PastpaperMaster/tech_defense.md

KnowIt Technical Defense Q&A

Part 1: AI & Product Technical Questions

Q: How does your AI analyze past papers? What model do you use?

We use a multi-model pipeline with clear separation of concerns:

1. Vision extraction (Gemini 2.5 Flash): We render each PDF page to a 96 DPI PNG image using PyMuPDF, encode it as base64, and send it to Gemini's vision API via OpenAI-compatible endpoint. The model extracts every question into structured JSON — question number, type, text, options, score, topics, difficulty. We process in batches of 8 pages to stay within token limits.

2. Solution generation (DeepSeek V3): For each extracted question, we generate three components — a knowledge reminder, a progressive hint, and a complete step-by-step solution. This is done in batches of 3 questions per API call to balance throughput and quality.

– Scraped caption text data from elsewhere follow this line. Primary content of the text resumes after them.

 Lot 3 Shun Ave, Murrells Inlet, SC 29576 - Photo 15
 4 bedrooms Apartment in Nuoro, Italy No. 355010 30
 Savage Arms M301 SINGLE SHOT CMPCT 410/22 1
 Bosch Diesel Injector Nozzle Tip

3. Answer matching (Gemini Vision): If an answer PDF is provided, we send its pages to the vision model and match answers to corresponding questions by question number.

The key architectural decision is splitting vision and text tasks across different models — Gemini for anything that needs to "see" the document, DeepSeek for pure text reasoning. This cuts cost by ~60% compared to using a single vision model for everything.

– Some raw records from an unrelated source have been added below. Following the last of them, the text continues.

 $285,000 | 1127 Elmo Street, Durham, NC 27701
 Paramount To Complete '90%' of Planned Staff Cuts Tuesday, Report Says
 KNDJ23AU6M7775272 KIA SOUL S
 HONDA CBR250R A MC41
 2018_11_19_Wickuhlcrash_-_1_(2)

Q: Why vision mode instead of traditional PDF text extraction?

We started with pdfplumber-based text extraction and hit critical failures:

• Multi-line code blocks break apart: C = np.array([[[0,1,2,3], gets separated from its closing brackets across lines
• Mathematical notation is lost or garbled
• Table structures collapse into unreadable strings
• Mixed formatting (code + text + formulas on the same page) confuses parsers

Vision mode sends the raw page image — the model sees exactly what a student sees. On our COMP2211 benchmark (Python-heavy, lots of NumPy arrays), vision mode correctly extracts 100% of questions vs ~70% with text extraction.

Q: How accurate is the AI on code questions?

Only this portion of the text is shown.